Maier: Dann gehen wir die Wette doch ein! Ich halte dagegen: Wir werden auf enorme Einsparpotentiale stoßen. Erstaunlich ist doch, daß nicht nur die SPD, sondern auch die Handelskammer sich mit Händen und Füßen dagegen sträubt, das, was sie sonst immer fordert – eine Privatisierung – auf den Hafen anzuwenden. Wir fordern eine Verselbständigung. Nirgendwo sonst wird der Hafen von einem Amt verwaltet.

Dieses knackige Plädoyer für die Marktwirtschaft qualifiziert Herrn Maier geradezu zum Wirtschaftssenator, oder?

Dobritz: Da kenne ich bessere.

Den jetzigen etwa?

Dobritz: Dazu werde ich mich jetzt nicht äußern.

Immer mehr Industrieunternehmen und damit Arbeitsplätze verlassen Hamburg. Können wir uns da eine Erhöhung der Gewerbesteuer und schärfere Umweltauflagen überhaupt leisten?

Maier: Eine Absenkung ist völlig jenseits des Denkbaren. Eine dramatische Steuerentlastung der Unternehmen hat bereits stattgefunden. Der Haushalt liegt darnieder. Und da kann es durchaus möglich sein, daß man zum Notnagel Gewerbesteuererhöhung greifen muß. Was das Problem der Gewerbeflächen angeht: In der Umweltpolitik sind es heute nicht mehr in erster Linie die Industrieemissionen, sondern der Flächenverbrauch, wo etwas getan werden muß. Und eine große Metropole kann gar nicht anders, als sparsam mit Fläche umzugehen.

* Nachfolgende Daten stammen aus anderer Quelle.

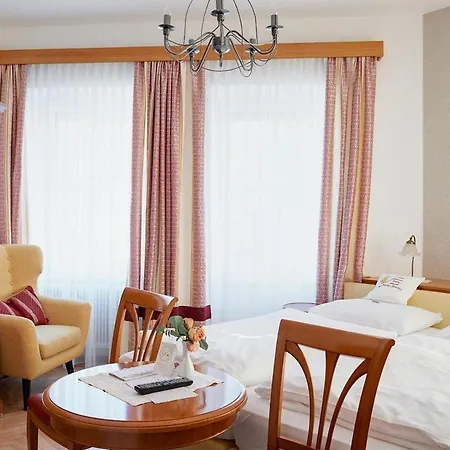 Hotel Hametner Mit Innviertlerhaus Mit Thermenzugang Bad Hall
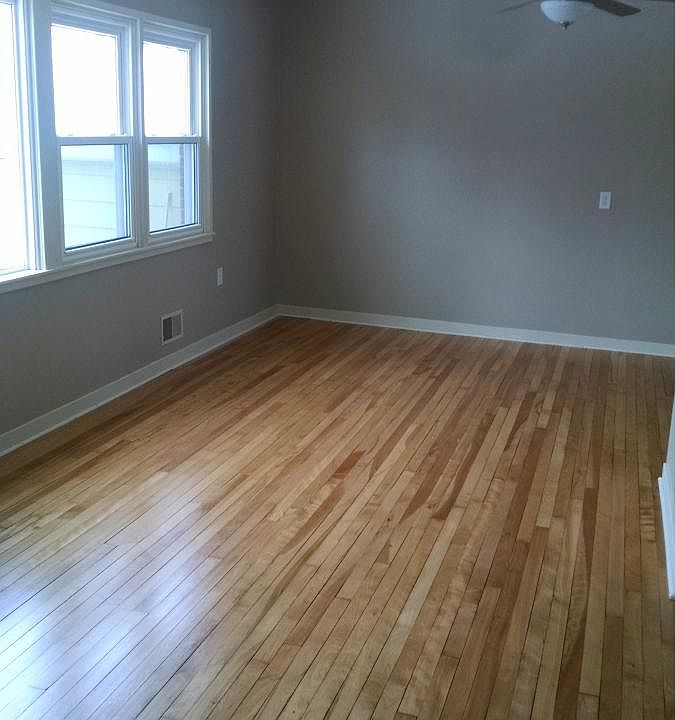 Newly refinished floors!
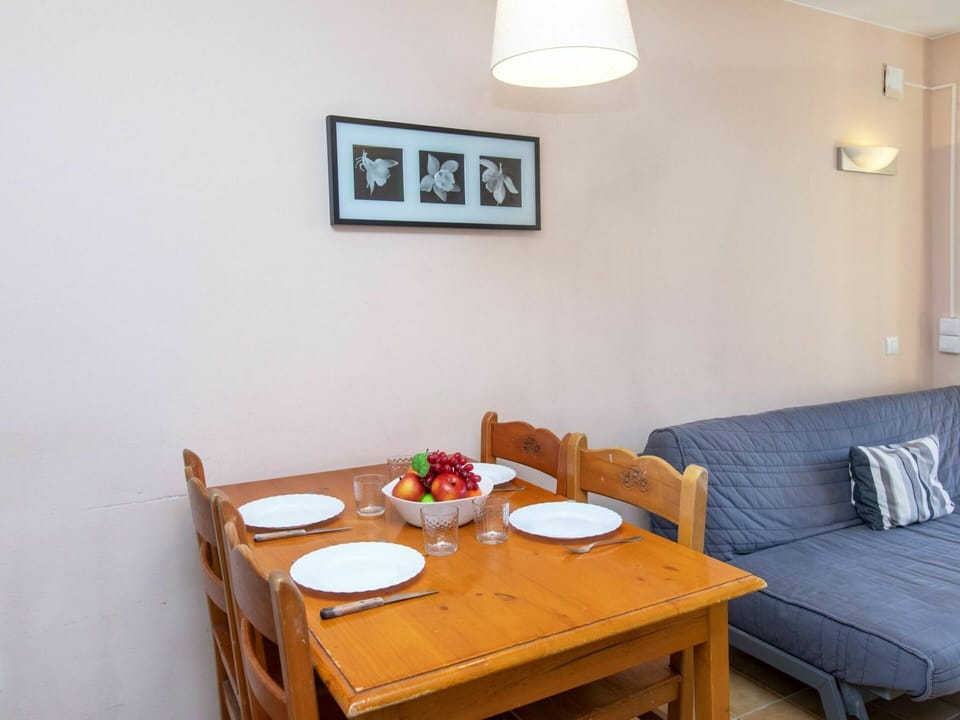 Table, Furniture, Property, Building, Couch, Tableware, Wood, Interior Design, Wall, Floor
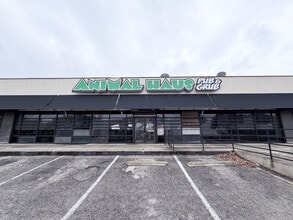 1305 SW Loop 410, San Antonio, TX à louer Photo intérieure– Image 1 sur 8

Dobritz: Eine Erhöhung der Gewerbesteuer würde den Standort psychologisch und politisch belasten. Der Hebesatz sollte bleiben, wo er ist. Umweltstandards müssen in jedem Fall durchgesetzt werden. Im präventiven Umweltbereich muß man sicher mehr Geld in die Hand nehmen als bisher. Bei allem Stolz unseres Umweltsenators: 20 Millionen für regenerative Energien sind Peanuts. Da sollte man etwas mehr hinlangen und etwas forscher rangehen.